The Art of Reading for Pleasure!
I wanted this reading of the novel to be reminiscent of how I read for enjoyment. I find a comfy chair and make a big pot of coffee before I settle down with my book. The whole idea of this unit is to show students, not only that new books are entertaining, but that they need to view reading as a source of enjoyment in their lives. Students who do not see "reading for fun" modeled at home do not know how to read for pleasure, or even understand that reading can actually be enjoyable.
Hopefully in your bookstore field trip, students were able to see people enjoying a book or magazine, and there wasn't a teacher lurking over their shoulder making them do it! With that in mind, I encouraged my students to bring beverages to class, we sat on the floor, some sprawled across my bean bags and rocking chairs, and we read The Hunger Games together.

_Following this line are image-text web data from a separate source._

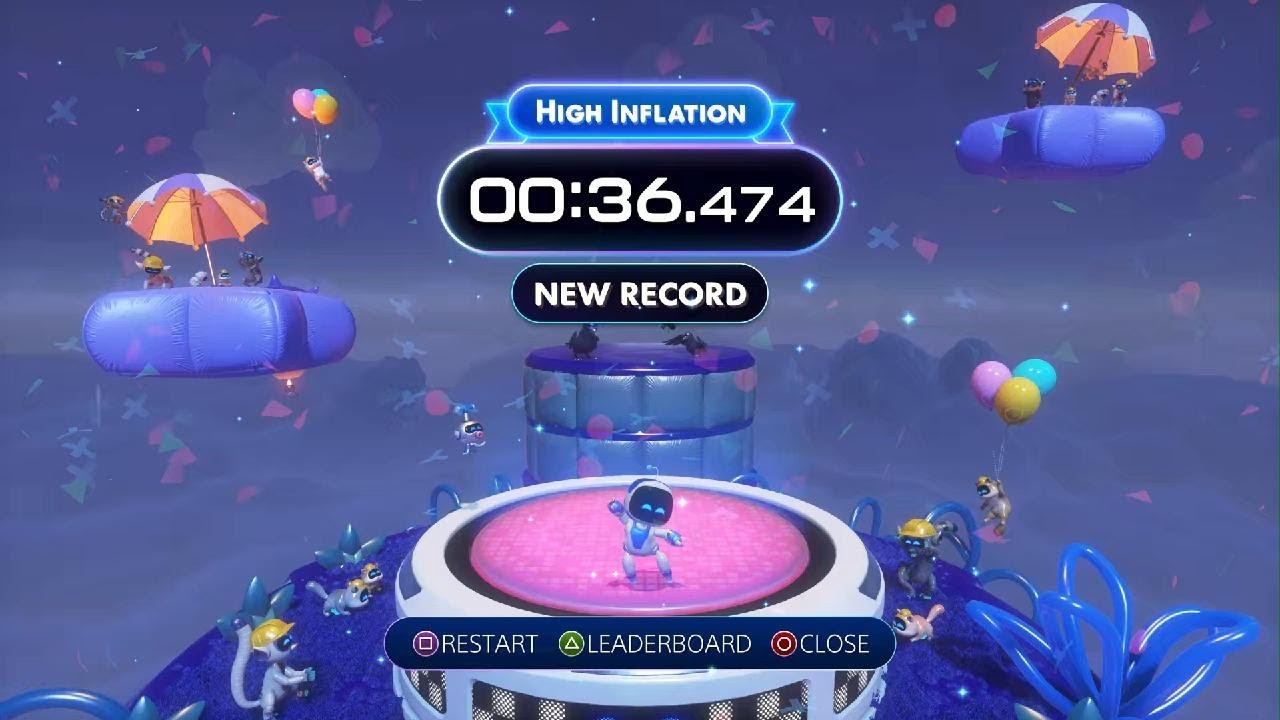 Former World Record Astro Bot High Inflation 36.474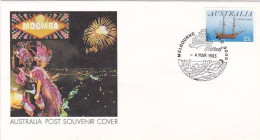 Australia PMS 70 1983 Moomba Festival, Souvenir Cover - Storia Postale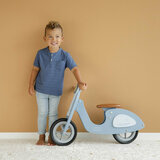 Loopscooter Blauw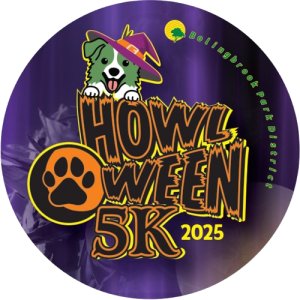 Bolingbrook Howl-O-Ween 5K Logo
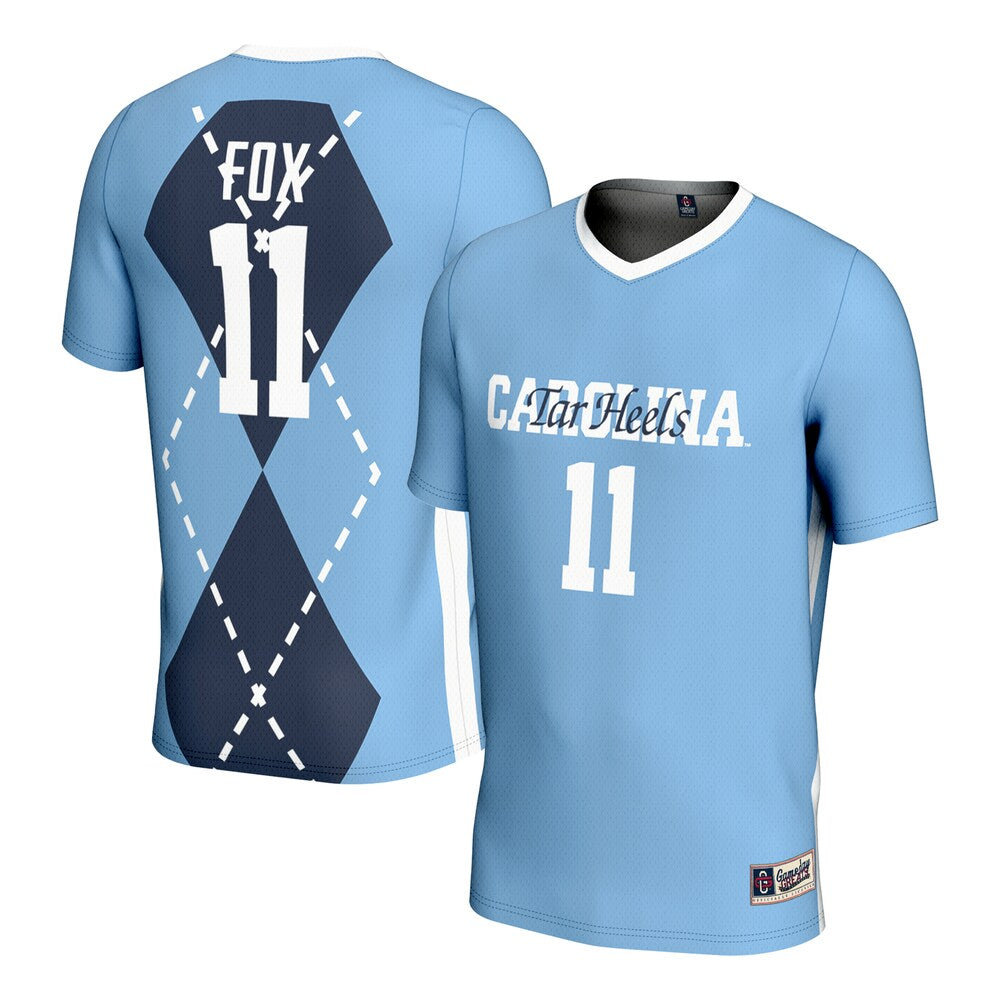 North Carolina Tar Heels Gameday Greats Blue Soccer Jersey product image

Sometimes we would read a chapter out loud, but mostly, they wanted me to read it to them while they followed along. Maybe it's because I have two small children, but I like to make voices for each character while I read, and I think that makes the reading process much more fun for students. Most importantly, though, we TALKED about what we were reading while we read it. If some crazy event happened (and believe me, there are a plethora of "crazy" events going on in this book) we would pause and discuss it.
This was the last six weeks of my school year, so I only took participation grades and didn't give pop quizzes to keep them reading. I didn't have to use quizzes as a threat to pay attention because I had done such a thorough job of building up anticipation for the novel that students were hooked before we read the first chapter. Browsing the author's website and reading synopsis and reviews had the students eager to read! The book did the rest of the hooking for me, because after reading the first two chapters, they didn't want to stop! I'm sure you will have the same success in your classroom if you push reading for PLEASURE and keep the threats and paperwork at bay for one small portion of your school year. You may have students that leave your room with a life-long passion for reading, and to me, that is the greatest gift we can give our students!